The author of Journal of a Trapper is not nearly so well known as his priceless book. He was more than a trapper or a mere journalist, for out of the adventurous years he so faithfully records emerged a mature man of high character and good works who should not be forgotten.

Osborne Russell was born June 12, 1814, at the little village of Bowdoinham, Maine, on the estuary of the Kennebec River. He was one of nine children in the family of George G. and Eleanor (Power) Russell; a family which had New Hampshire roots. Osborne's boyhood was probably typical of the Maine farmboy of that day, and there is no doubt the environment was a wholesome one, for, despite the limited schooling which Russell mentions, he developed into an able young man of good morals and sound judgment. According to his great-nephew, L. A. York, Russell ran away to sea at the age of 16 but soon gave up that career by deserting his ship at New York, after which he spent three years in the service of what was called the Northwest Fur Trapping and Trading Company, operating in Wisconsin and Minnesota. Nothing else is known of him until he joined Wyeth's expedition to the Rocky Mountains and the mouth of the Columbia River in 1834.

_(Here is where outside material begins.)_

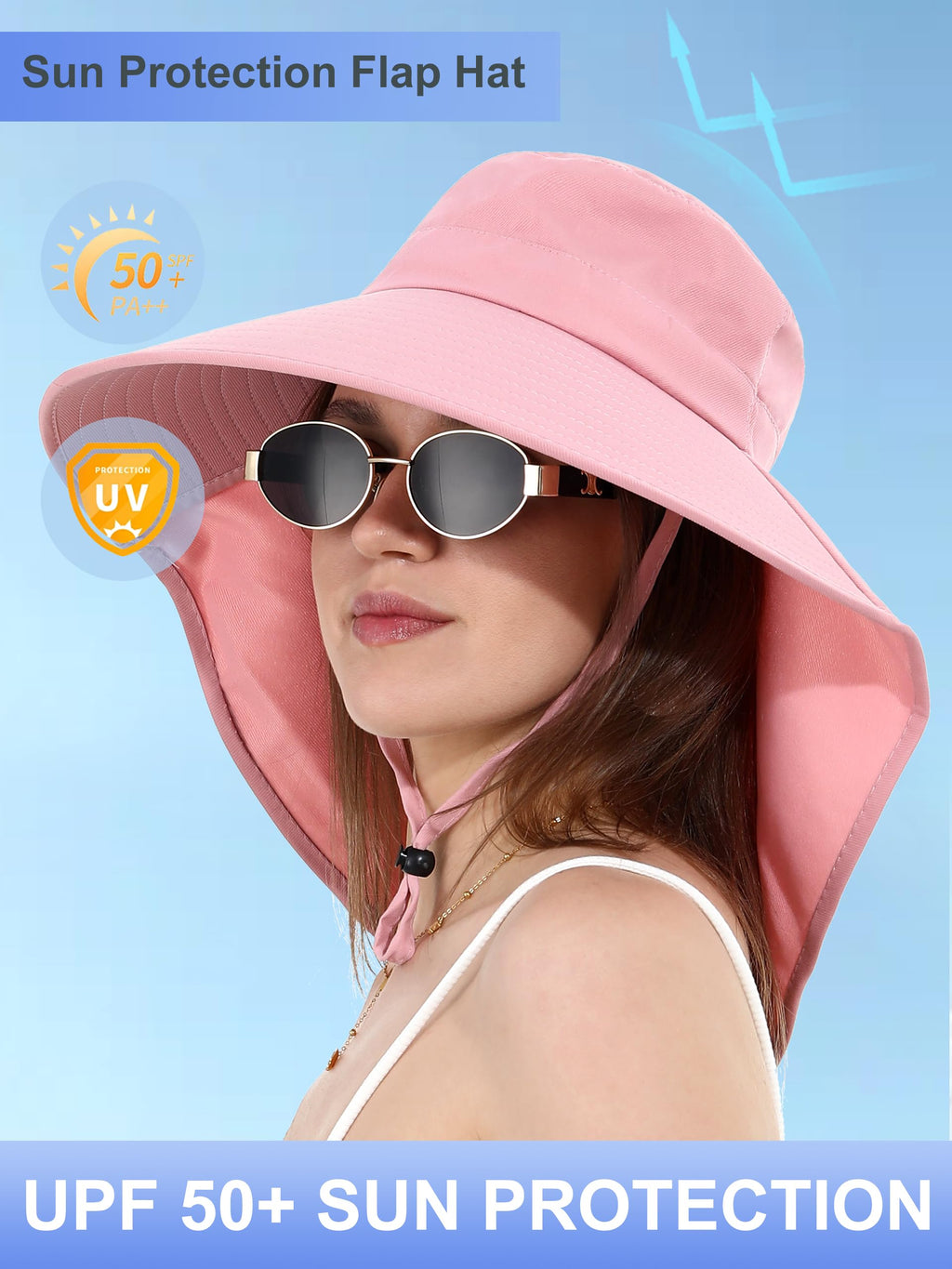 LA CARRIE Women Sun Hats Breathable Wide Brim UV Protection UPF 50+ with Neck Flap Hat for Summer Beach(Pink)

Nathaniel J. Wyeth had become interested in colonizing the Oregon country, and in the business possibilities there, through the influence of Hall J. Kelley, a one-time Boston school teacher. After years of effort, Kelley succeeded in 1831 in organizing the Oregon Colonization Society, to which Wyeth agreed to attach himself with a company which he would raise. Kelley's plans for an overland expedition to Oregon failed, but Wyeth went ahead and led his party across the country in 1832 along the route which later became the Oregon Trail.

The first expedition was pushed with the resourcefulness characteristic of Wyeth, but inexperience, desertion, sickness and the . . .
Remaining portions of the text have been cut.